→ EXERCISE DIRECTIONS: Which lines to output? The line containing "ШЕСТОЕ ЧУВСТВО. Фотограф" and every line after it in the data below, each copied exactly.

---------- PROVIDED DATA

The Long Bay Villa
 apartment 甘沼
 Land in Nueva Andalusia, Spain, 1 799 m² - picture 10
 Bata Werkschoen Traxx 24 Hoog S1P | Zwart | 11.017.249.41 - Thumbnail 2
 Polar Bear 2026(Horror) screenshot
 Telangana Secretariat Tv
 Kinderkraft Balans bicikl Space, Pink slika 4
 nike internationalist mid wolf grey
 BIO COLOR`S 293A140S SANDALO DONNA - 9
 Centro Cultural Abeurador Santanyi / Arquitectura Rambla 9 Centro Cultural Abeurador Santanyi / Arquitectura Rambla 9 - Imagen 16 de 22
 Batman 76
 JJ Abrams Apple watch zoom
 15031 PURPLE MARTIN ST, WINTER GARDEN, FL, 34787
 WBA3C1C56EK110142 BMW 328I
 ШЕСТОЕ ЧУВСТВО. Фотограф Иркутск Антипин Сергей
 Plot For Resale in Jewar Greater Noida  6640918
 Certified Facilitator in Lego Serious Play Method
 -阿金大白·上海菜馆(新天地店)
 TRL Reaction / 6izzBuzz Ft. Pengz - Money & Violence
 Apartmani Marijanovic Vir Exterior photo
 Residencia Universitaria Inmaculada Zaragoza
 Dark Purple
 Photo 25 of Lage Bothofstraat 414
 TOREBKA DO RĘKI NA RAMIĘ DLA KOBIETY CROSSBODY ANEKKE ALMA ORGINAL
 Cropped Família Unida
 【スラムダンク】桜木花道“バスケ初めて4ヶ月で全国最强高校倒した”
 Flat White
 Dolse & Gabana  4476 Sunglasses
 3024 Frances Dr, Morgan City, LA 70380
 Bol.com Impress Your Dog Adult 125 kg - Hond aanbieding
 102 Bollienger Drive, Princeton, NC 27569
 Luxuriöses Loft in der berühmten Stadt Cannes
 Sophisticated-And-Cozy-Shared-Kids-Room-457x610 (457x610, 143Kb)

--------------------

→ SOLUTION BELOW:
 ШЕСТОЕ ЧУВСТВО. Фотограф Иркутск Антипин Сергей
 Plot For Resale in Jewar Greater Noida  6640918
 Certified Facilitator in Lego Serious Play Method
 -阿金大白·上海菜馆(新天地店)
 TRL Reaction / 6izzBuzz Ft. Pengz - Money & Violence
 Apartmani Marijanovic Vir Exterior photo
 Residencia Universitaria Inmaculada Zaragoza
 Dark Purple
 Photo 25 of Lage Bothofstraat 414
 TOREBKA DO RĘKI NA RAMIĘ DLA KOBIETY CROSSBODY ANEKKE ALMA ORGINAL
 Cropped Família Unida
 【スラムダンク】桜木花道“バスケ初めて4ヶ月で全国最强高校倒した”
 Flat White
 Dolse & Gabana  4476 Sunglasses
 3024 Frances Dr, Morgan City, LA 70380
 Bol.com Impress Your Dog Adult 125 kg - Hond aanbieding
 102 Bollienger Drive, Princeton, NC 27569
 Luxuriöses Loft in der berühmten Stadt Cannes
 Sophisticated-And-Cozy-Shared-Kids-Room-457x610 (457x610, 143Kb)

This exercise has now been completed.